You can't take it with you so where is it going to go? I often have clients that tell me that they are leaving everything to one child with the understanding that he will distribute it to the other beneficiaries because "He knows what I want done with it." They think that this solves everything. Of course they could not be farther from the truth. Those left behind need to have a clear map where you want us, your children, your attorney, etc. to distribute your stuff. Without that map, that plan, we can not carry out your wishes.
Did you ever think that when you are no longer here how difficult it is going to be to get in touch with you? Not only is communication difficult beyond the grave but there is the added problem that memories can change or more often the poor person you have left in "charge" takes the brunt of inter-family squabbling and invariably is the person blamed for a lot of the underlying tension that comes to the surface after the death of a family member. It is a sad commentary but death often brings out the worst in people.
If we fail to plan we can leave a mess for someone else to clean up, or worse, our lack of planning can often result in dramatically reducing the value of what we pass to our heirs through unnecessary costs including taxes and attorney fees. Don't leave us without any clear direction from you where you want your stuff to go.
Now is the time to plan ahead if you want to maximize the estate you leave to your loved ones.
Planning Challenges and Techniques
Estate Planning, what I sometimes call inheritance planning presents several challenges.
Though this may sound self serving, the first challenge is to find the right attorney. Some people are intimidated by attorneys. They are concerned that they won't choose the right attorney for the job, or not choose the best one. Some fear that the attorney will take control of the assets away from them. Or that they can't afford one. As a result much of the planning that needs to be done is never started.
The attorney though is an essential part of your estate planning team. He or she plays an integral part in helping point out the problem areas and then prepares a plan to reduce or eliminate these potential snags.
The second challenge is probate.
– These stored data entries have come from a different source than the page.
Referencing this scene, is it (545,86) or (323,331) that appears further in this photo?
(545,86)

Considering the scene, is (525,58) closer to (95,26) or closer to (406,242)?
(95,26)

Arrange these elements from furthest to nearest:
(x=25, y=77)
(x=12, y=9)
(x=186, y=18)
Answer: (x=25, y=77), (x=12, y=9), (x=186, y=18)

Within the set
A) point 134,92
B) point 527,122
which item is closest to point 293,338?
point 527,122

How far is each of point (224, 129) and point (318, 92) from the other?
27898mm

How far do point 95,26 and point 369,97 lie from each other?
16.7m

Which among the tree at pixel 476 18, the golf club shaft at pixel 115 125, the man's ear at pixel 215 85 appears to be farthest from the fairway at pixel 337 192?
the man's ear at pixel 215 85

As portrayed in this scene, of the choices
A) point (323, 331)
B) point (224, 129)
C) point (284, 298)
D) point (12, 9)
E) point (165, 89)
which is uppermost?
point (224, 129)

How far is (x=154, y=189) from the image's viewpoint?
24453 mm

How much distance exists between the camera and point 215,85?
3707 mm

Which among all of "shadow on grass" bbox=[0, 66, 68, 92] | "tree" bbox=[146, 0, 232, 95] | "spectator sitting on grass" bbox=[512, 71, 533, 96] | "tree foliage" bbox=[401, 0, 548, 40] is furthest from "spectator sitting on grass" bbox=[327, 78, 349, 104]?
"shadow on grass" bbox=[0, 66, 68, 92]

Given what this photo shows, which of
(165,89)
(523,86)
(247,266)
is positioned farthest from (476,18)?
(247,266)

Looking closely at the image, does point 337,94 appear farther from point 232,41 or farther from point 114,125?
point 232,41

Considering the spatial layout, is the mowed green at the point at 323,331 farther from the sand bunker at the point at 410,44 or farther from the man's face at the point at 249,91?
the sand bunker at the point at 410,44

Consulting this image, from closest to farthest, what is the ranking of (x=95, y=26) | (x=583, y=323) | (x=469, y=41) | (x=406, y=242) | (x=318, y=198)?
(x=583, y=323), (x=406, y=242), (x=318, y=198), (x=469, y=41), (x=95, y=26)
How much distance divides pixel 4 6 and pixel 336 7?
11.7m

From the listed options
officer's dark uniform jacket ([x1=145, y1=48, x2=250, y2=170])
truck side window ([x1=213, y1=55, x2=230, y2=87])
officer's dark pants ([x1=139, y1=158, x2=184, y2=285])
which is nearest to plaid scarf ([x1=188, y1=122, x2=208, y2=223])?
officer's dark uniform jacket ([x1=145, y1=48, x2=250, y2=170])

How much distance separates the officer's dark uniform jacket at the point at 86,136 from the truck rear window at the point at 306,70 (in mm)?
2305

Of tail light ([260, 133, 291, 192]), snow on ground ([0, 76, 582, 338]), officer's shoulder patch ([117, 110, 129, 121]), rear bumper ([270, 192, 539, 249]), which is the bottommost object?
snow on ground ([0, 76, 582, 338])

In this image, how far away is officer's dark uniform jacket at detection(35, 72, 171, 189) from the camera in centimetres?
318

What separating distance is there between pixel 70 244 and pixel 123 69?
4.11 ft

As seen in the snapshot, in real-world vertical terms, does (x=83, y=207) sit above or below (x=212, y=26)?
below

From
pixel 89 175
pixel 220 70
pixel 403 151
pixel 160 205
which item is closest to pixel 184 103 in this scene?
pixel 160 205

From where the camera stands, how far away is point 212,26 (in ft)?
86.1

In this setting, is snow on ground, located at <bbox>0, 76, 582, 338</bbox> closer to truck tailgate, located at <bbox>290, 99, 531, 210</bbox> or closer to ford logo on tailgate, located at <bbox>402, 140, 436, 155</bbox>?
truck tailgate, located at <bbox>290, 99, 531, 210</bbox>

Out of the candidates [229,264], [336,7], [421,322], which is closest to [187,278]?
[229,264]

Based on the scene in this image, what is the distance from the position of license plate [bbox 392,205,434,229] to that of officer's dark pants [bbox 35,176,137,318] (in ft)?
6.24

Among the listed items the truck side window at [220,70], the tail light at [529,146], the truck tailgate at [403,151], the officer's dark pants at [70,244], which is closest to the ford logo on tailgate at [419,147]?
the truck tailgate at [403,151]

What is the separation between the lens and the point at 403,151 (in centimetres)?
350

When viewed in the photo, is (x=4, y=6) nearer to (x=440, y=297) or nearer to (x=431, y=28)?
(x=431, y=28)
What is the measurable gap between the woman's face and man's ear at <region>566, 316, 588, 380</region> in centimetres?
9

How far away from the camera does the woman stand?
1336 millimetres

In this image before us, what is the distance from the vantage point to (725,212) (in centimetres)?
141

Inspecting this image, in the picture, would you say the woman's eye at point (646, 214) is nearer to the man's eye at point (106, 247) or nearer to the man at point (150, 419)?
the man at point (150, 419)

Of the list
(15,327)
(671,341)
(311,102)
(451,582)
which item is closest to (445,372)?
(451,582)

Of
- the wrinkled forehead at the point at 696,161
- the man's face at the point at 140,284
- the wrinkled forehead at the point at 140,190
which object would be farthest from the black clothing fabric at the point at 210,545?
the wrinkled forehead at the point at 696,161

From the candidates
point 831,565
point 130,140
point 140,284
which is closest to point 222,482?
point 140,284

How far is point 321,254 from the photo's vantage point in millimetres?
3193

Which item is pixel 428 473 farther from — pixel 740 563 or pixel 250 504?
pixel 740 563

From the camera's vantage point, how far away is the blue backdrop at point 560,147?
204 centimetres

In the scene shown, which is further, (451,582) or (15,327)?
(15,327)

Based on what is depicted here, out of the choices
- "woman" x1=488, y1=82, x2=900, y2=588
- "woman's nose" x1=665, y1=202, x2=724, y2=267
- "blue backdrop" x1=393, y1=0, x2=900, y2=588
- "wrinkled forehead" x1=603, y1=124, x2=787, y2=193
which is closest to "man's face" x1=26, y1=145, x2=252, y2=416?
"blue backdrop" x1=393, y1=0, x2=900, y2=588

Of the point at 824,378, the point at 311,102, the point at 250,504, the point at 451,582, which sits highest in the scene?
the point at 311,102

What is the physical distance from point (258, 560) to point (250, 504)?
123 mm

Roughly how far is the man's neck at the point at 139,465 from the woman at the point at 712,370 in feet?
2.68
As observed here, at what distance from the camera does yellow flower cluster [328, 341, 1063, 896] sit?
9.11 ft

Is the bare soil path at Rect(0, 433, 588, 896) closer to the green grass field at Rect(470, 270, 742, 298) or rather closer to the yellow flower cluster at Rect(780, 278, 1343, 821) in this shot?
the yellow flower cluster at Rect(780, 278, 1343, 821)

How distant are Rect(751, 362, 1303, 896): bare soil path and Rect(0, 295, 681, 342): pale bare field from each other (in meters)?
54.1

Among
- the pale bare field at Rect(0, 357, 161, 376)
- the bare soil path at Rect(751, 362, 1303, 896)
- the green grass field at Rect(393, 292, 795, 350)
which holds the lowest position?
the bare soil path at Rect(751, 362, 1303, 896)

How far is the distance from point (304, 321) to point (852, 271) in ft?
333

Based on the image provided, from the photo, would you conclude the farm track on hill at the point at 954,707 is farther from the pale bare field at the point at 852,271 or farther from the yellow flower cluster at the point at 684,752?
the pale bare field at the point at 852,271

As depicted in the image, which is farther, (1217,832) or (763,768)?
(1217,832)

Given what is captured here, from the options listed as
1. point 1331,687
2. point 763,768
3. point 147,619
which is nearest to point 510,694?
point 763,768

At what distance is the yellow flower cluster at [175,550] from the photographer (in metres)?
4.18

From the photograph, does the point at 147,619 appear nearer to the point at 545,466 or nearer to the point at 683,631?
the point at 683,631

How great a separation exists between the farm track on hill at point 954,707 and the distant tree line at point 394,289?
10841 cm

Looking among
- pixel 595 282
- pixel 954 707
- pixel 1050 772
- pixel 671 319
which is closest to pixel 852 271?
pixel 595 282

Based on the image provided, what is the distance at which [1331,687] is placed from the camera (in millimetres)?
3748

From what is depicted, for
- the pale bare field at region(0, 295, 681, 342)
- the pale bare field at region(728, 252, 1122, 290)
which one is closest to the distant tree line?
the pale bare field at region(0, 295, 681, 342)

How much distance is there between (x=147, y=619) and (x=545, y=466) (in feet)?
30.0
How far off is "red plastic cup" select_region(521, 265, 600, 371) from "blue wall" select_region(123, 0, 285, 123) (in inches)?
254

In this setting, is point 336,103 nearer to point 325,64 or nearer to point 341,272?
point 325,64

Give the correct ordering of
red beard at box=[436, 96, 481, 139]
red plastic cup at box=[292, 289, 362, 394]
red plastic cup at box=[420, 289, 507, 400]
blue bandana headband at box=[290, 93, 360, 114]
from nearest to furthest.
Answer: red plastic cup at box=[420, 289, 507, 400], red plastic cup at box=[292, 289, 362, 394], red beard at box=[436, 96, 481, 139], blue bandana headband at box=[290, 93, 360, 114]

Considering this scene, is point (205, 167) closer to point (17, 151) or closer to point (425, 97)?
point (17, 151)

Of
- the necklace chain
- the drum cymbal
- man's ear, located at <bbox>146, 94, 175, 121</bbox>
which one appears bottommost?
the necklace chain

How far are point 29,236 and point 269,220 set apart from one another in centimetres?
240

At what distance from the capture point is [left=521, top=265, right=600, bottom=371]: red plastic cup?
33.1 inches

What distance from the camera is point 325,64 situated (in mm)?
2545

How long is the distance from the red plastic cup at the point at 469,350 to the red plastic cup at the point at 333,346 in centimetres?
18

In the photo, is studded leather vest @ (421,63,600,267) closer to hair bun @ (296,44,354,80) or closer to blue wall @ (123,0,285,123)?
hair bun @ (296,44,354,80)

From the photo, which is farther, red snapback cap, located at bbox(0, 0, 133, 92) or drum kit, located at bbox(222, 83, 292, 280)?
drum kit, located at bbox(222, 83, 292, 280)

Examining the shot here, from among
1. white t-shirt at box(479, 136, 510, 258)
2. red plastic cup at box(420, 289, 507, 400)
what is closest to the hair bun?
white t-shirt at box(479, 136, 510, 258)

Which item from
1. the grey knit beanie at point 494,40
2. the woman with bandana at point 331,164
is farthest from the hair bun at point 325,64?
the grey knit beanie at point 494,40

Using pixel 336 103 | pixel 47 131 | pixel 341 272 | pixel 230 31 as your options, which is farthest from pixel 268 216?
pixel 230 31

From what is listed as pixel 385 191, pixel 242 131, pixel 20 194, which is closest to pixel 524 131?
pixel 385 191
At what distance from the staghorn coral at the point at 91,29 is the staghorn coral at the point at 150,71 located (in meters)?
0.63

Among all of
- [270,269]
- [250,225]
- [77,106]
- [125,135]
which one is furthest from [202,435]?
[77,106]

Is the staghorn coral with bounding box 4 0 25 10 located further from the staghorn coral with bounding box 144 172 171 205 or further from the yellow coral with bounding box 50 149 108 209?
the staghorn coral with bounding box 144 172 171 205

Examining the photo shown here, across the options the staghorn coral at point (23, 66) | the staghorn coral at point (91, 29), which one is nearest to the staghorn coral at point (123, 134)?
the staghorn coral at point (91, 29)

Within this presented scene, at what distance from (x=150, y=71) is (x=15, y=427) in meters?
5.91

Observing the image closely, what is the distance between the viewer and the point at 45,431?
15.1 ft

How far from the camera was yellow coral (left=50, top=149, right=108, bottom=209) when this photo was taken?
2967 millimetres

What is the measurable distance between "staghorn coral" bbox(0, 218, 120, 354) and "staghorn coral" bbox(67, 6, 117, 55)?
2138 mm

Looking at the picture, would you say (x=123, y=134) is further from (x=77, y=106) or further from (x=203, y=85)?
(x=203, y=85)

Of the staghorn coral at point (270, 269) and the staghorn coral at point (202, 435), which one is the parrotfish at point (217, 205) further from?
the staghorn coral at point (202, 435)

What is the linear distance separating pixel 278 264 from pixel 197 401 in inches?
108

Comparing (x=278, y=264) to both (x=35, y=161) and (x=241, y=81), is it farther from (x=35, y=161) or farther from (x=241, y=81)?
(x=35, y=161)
Probate is the court proceeding that concludes all the financial matters of the person who has died. The probate court makes sure that the person's debts get paid out of the estate's available assets. If there is a will, the court reviews it and rules on its validity. Finally, it changes the title of all assets from the name of the deceased to the names of the beneficiaries listed in the will.
Of course, all the court's "help" comes at a price. Attorney fees, appraisal fees, personal representative fees, and court costs all add up to take a bite out of the estate. Depending on the state, the probate and administrative fees can eat up five to ten percent of the gross estate.
Not only is probate costly in money, but it is also costly in the amount of time it takes to complete the process. The average probate can take from nine months to two years. During that time your heirs will have to wait to receive their complete inheritance until, at last, the probate is concluded.
While we all like to think of our affairs as being a private matter, the probate process airs all our laundry for anyone to see. Probate is a public process. This means that anyone who chooses, can go to the courthouse and see exactly how much you had and who you left it to. Many salesmen use the probate files to obtain leads. Kind of twisted don't you think?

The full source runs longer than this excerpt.